Have you and Larry Klein been friends for a long time?
We've been friends for a while and I was at a point where I had about 800 different ideas for records that I thought I might make. And Larry said, "I'd love to make a record some time," and he was very helpful in condensing the ideas that I had down to a good workable set. I'd been listening to a lot of Jamaican music from the Sixties and Seventies and there was all sorts of ideas I had about the rhythms and bass patterns that they used and also about the way in which they re-used tracks, re-mixed tracks, the way in which ideas circulated, filtered through their culture via records — successive records with the same rhythm, sometimes with exactly the same track, sometimes with the track and the rhythm re-cut in somewhat in a more current style. I could just listen to that stuff endlessly, just the way those guys play, the way that the drums and bass interact is fantastic. That was the jumping off point and then we just ended up writing. A couple of things came out sounding sort of Jamaican and [some] didn't, but that was the idea, I guess.
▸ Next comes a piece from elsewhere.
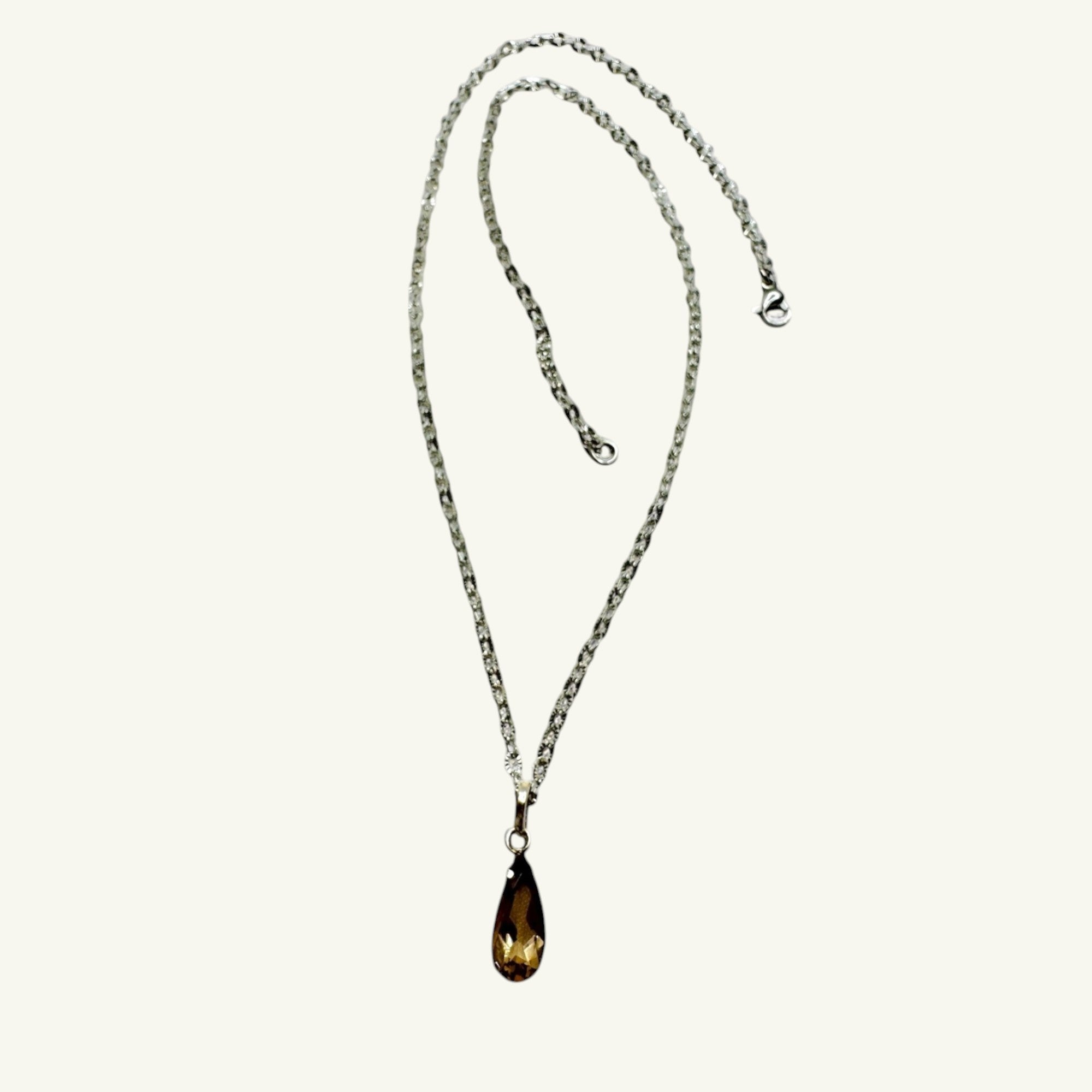 Collana quarzo fumè sfaccettato 15x7 mm arg950 Sharifa Crystals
What Jamaican music, specifically?
Well we're talkin' about everything from the sort of Rock Steady period on. I'd say everything from ska through 1980, when they started using drum machines. So that would be ska, Rock Steady reggae, rockers, steppers, all these different variations on the patterns as the drumming changed a little bit and the tempos changed. A lot of Lee Perry stuff, the stuff that the rhythm section from the Wailers played on — Style Scott, Sly & Robbie, Flabba Holt. There's just a ton of music from that period.

I notice a lot of Jamaican influence on 11 Tracks of Whack, as well.
I had started listening to that way back in those days and at one point Donald [Fagen] and I actually experimented with the idea of doing an album with reggae-type beats on it in the Eighties. I think "Snowbound" that was eventually on one of his albums was from that period. And the original version of "West of Hollywood" was from that period. It's always fascinated me the way they use the same elements of rhythm and blues playing, but they turn them around in a way and yet they still get a great feel on it, you know? And as a rhythm section guy, those rhythm sections are sort of the ultimate — the tightness of it, the complexity of the feels.